ABOUT THIS TASK — The required output is the exact run of lines from the one bearing "New 2027 Chevrolet" through the final line of the listing below, with the pictures removed.

INFORMATION SUPPLIED —
--

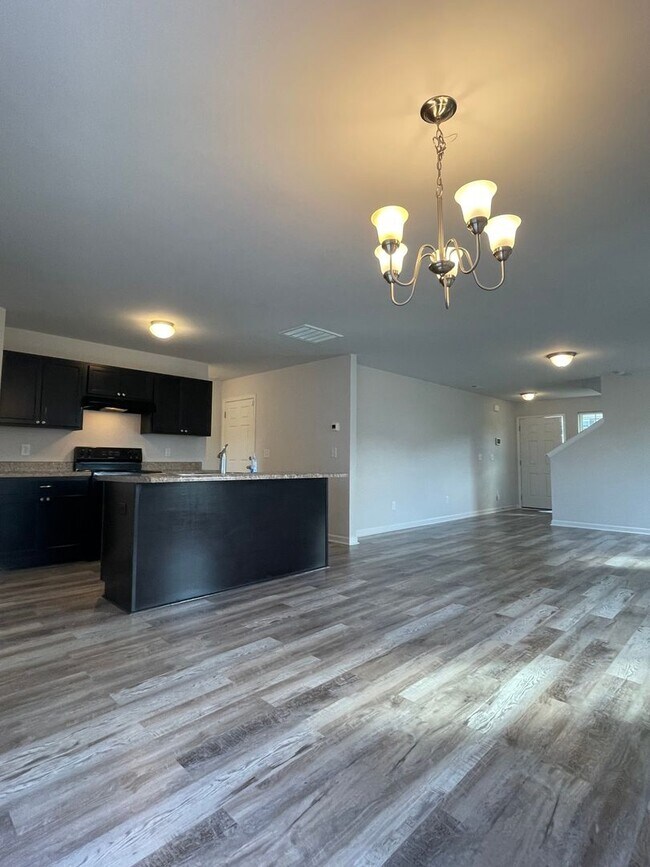 Building Photo - Nice on New Home Place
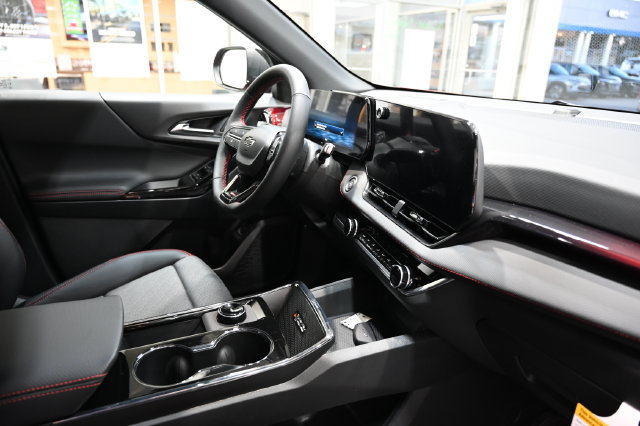 New 2027 Chevrolet Equinox RS w/ Convenience Package III FWD image 13
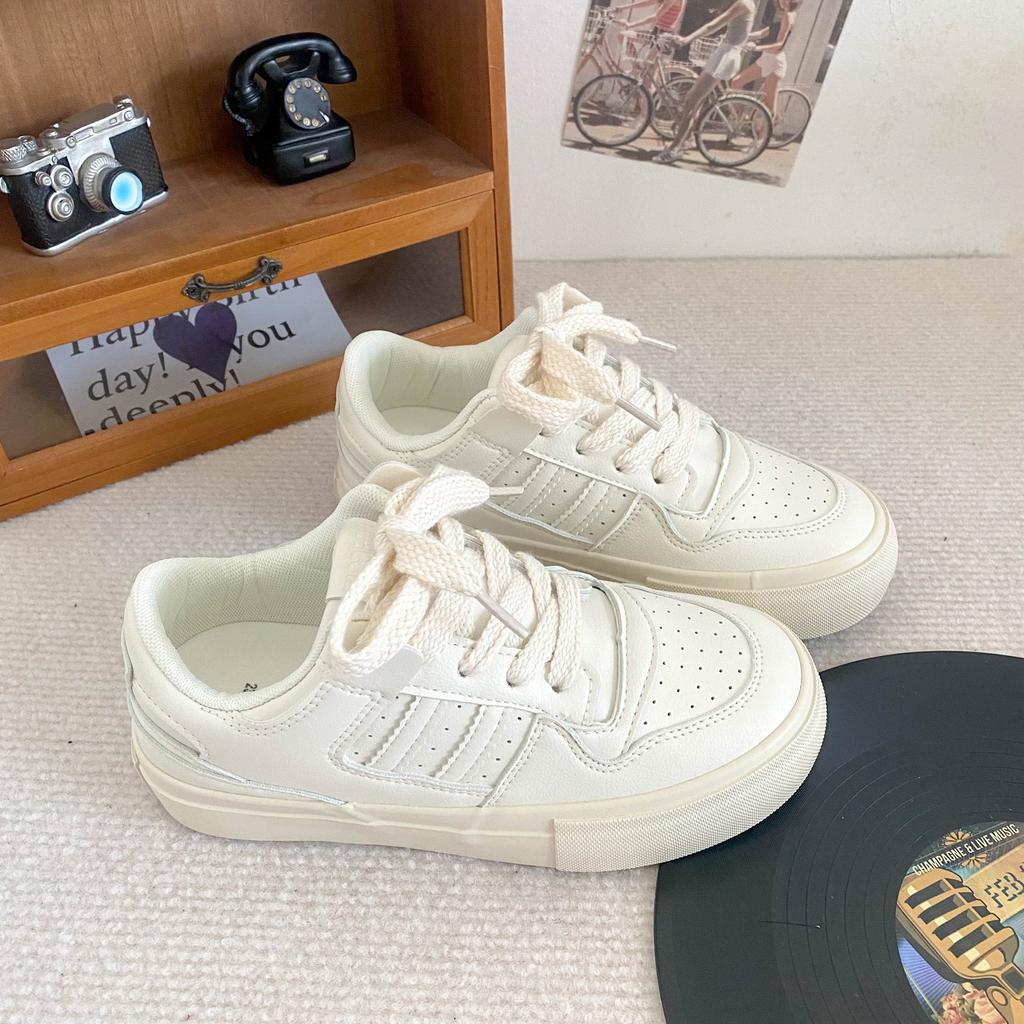 B-9108 Thick-soled Little White Shoes Women's Shoes 2024 New Autumn Niche Ins Trendy Shoes Versatile Flat-soled Leather Board Shoes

--

REPLY —
 New 2027 Chevrolet Equinox RS w/ Convenience Package III FWD image 13
 B-9108 Thick-soled Little White Shoes Women's Shoes 2024 New Autumn Niche Ins Trendy Shoes Versatile Flat-soled Leather Board Shoes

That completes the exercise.